Так и остался старшина Кибиткин Тимофей Фёдорович на берегу реки Мур в Югославии, на земле нынешней Сербии. Официально — пропавшим без вести. В семейной памяти — погибшим героем. В материнском пророчестве — воином, обреченным на погибель. И потому его судьба в этой истории звучит особенно пронзительно: не только как военная утрата, не только как трагедия одной семьи, но и как подтверждение того древнего, почти забытого мироощущения, которое иногда живёт в простых людях.
Фекла не спорила с судьбой. Не пыталась отменить увиденное. Не искала слов, которые могли бы заслонить правду. Она просто несла её в себе — так же стойко, как несла всю свою жизнь: труд, дом, детей, бедность, землю, холод, потери. Потому сказанное ею у печи стало частью внутренней правды рода — тем, что передаётся не ради удивления, а ради памяти.

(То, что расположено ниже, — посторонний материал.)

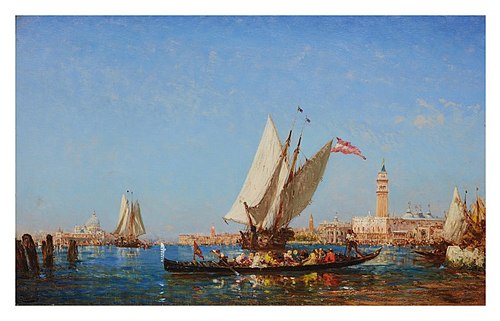 Boats on the Bacino San Marco, , Félix Ziem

Так и завершилась судьба Тимофея: от двух серых листков на столе, от материнского взгляда в печной огонь, от тихого и страшного: «А Тимофей — нет» — до югославской земли у реки Мур, где оборвалась его фронтовая дорога. Между этими двумя точками — вся война, вся надежда, всё ожидание, всё безмолвное мужество женщины, которой было дано увидеть больше, чем она хотела бы знать. И пророчество, оказавшееся сильнее времени и точнее архивов.